Romance enters the equation

My high school daughter enters the room wearing a frown and carrying a deceptively thin textbook. "Do you remember anything about trig?" she asks.

I've always encouraged her to ask for help if she needs it, and math is something I'm generally good at. Though it's been nearly 30 years since trig and I crossed paths, I remember my trig class very well.

Unfortunately, the parts that might be of some use to my daughter this evening - sines and cosines, tangents and logarithms - have long since disappeared from memory. All I remember of trig is the romance.

In my mind it looks like a play. The setting is the 1971-72 school year in small-town Pennsylvania. I have landed the female lead as the quiet junior girl sitting near the back of the classroom. Good student, hard worker, comes to class knowing the material - and it's a good thing, since she spends most of the actual class time daydreaming about Bob, the heartthrob.

Bob has the male lead. He's president of the senior class, cute in a John Denver sort of way. Not a scholar, but charming, funny, and well liked by both students and teachers. My crush on Bob, already several years old, has been going nowhere.

Enter Mr. K. and trig. Before Scene I is over, Bob discovers that I am getting the hang of trig faster than he is. By the end of the first act, we are homework phone pals. I am in heaven.

It's intermission, and my daughter still needs a hand. I scan the day's assignment. I used to be so good at this! Now it's totally unfamiliar. "Let me look it over for a minute," I say. "I'll see if anything comes back to me." The audience returns to their seats. Act II is about to begin.

The action moves quickly. Bob and I stay after school to work together on the days before each test. Sometimes it's just the two of us, other times his friends John and Eli tag along. There is wit, banter, and flirtation between trig functions. All their math scores soar.

Eventually, Mr. K. discovers the tutoring arrangement. Teasing and blushing are prominent in the next scene. An observer writes a poem about us for the school paper. ("When Bobby, John, and Eli, too, were having trouble with two plus two....")
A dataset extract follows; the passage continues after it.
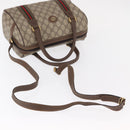 GUCCI GG Supreme Web Sherry Line Boston Bag PVC 2way Beige Gold Auth 97302-9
At the end of the rising action, my character becomes a bona fide heroine as each of the boys scores a perfect paper - and I miss one - on the last big trig test.

The final act definitely suffers from its adherence to reality. Prom season comes and goes. The traditional high school sweethearts attend. The math tutor does not. Somehow, though, the time has been so sweet, and being part of the production has been so much fun, that the end of the play doesn't seem all that depressing. It has been a good time.

Back in the present, I'm making no progress recovering my glory days as a tutor. "I'm sorry, honey," I tell my daughter. "It's just not coming back to me."

I can't hold her exasperated sigh against her.

"See?" she says. "You're proof that this stuff is worthless. You didn't learn anything in trig, did you?"

Well, now, I wouldn't go that far. I learned that being the smart kid can have its advantages. And I learned that the epilogue can be the best part of the play.

Real romance did finally come out of trigonometry class. No, it wasn't the observer (though I think that twist would have wonderful poetic potential, should I ever decide to turn this saga into a novel).

Among the "extras" in class was another Bob, the one I would eventually fall in love with and marry. He didn't have a role in the original draft of the play, but he's been there for all the rewrites.

"It would be hard for me to explain just how important I think trig is," I tell her.

Then, smiling in a way I'm sure she misunderstands, I say, "Think hard. Isn't there anyone you could phone for help?"